Toussaint L'Ouverture, to the
Directory ruling France, 1797

The British invaders expected to defeat a demoralized French force, but found themselves facing an army of freedom fighters. Toussaint's force fought with a conquering spirit that soared among the clouds and rainbows. When they ran out of food, they fought hungry. When they ran out of ammunition they fought with stones. When the British troops spread splintered glass on the battlefield, Toussaint's fighters advanced on bloody, lacerated feet. In January 1798, the slaves beat the British in seven battles over seven days and forced them from the island.

In 1800, his army defeated the Spanish army on the eastern half of the island. By then, Toussaint commanded an army of 55,000 veteran fighters. (George Washington never commanded more than 20,000.) In 1801, Haiti declared independence--a republic of self-emancipated slaves.

In France, Napoleon Bonaparte seized power, reversed many revolutionary verdicts and tried to build a French empire through war. He restored slavery in colonies under his command. Fresh from military victories in Italy, he sent huge armies to retake Haiti under his brother-in-law General Leclerc.

Toussaint boarded a French ship to negotiate and was treacherously taken captive. Toussaint L'Ouverture, one of history's greatest revolutionary leaders, died far from Haiti in a cold cell high in the French Alps. The revolution continued under his lieutenants, Jean-Jacques Dessalines and Henri Christophe. They delivered the first military defeat to Napoleon in 1804 and forced the French to accept Haitian independence.

One by one, armies of oppressors had stepped forward, hoping to re-enslave Haiti's people. The slave army, forged by former coachman Toussaint L'Ouverture, defeated them one by one.

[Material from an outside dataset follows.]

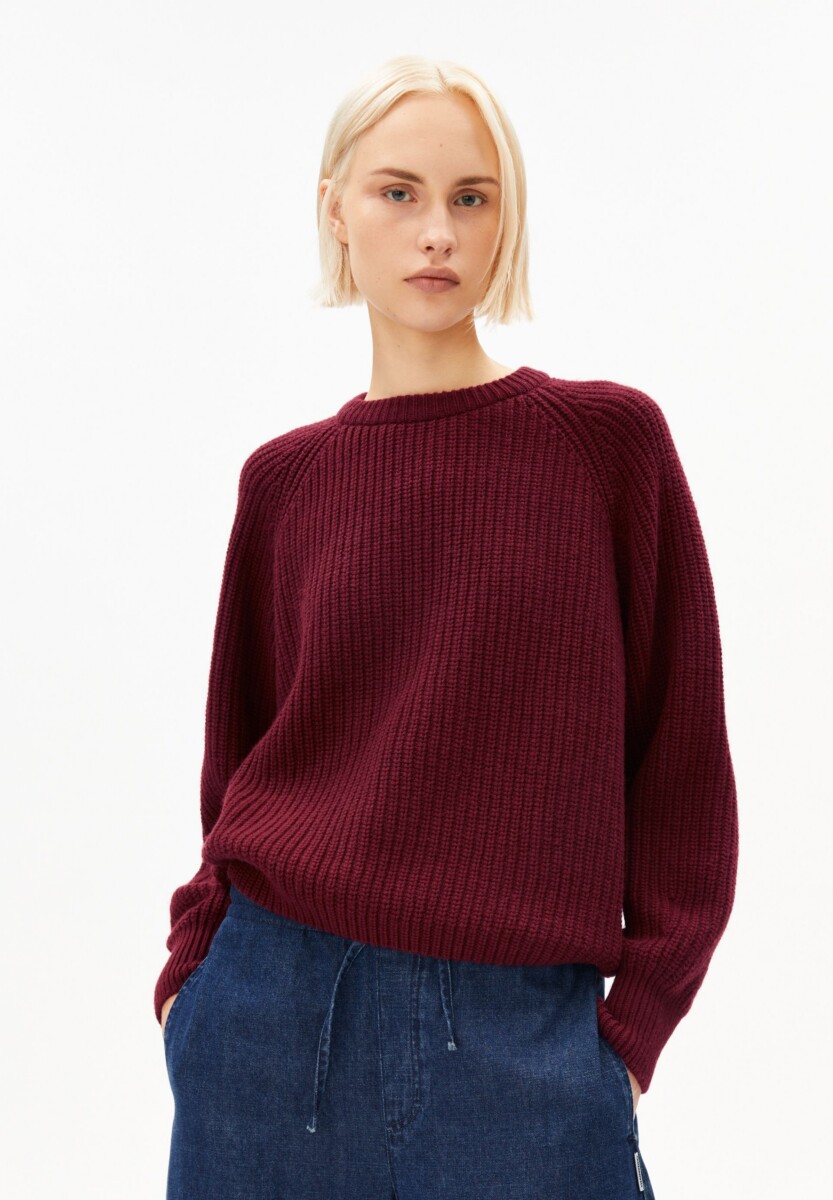 Armed Angels Rib Knit Sweater Velvet Red4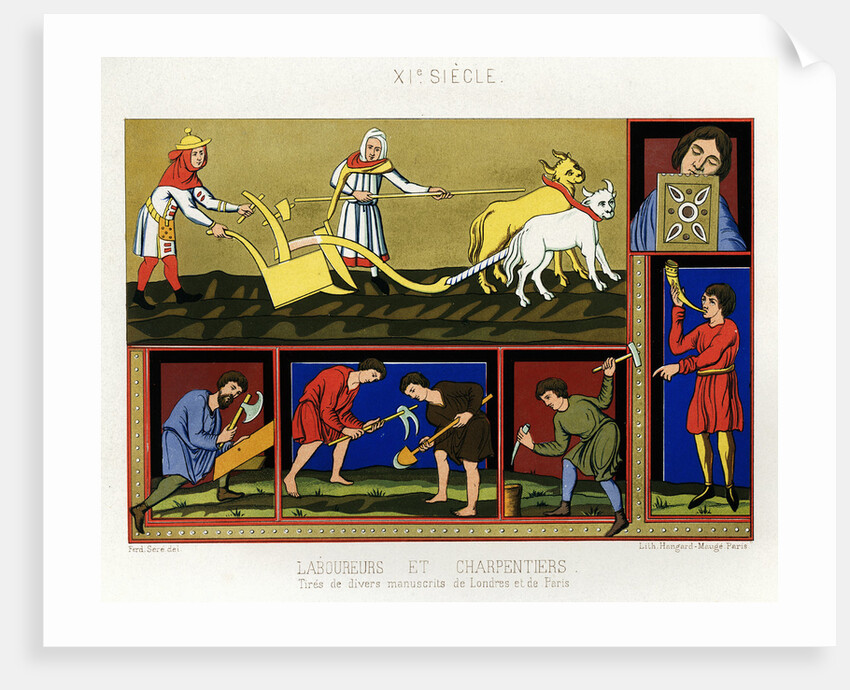 Book Illustration of People at Work in the 11th-Century by Anonymous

This Haitian revolution was an earthquake that triggered aftershocks throughout the slave colonies of the Americas. The slaveowners of the U.S. tried to suppress news from Haiti--and of course it did not work. The Haitians inspired the conspiracy of Denmark Vesey in 1822, the slave revolt of Nat Turner in 1831 and the militant abolitionists like John Brown. In the victory of Haiti--in the brilliance of its revolution and the endurance of its independence--slaves everywhere took heart, and the oppressors saw a foreshadowing of their defeat.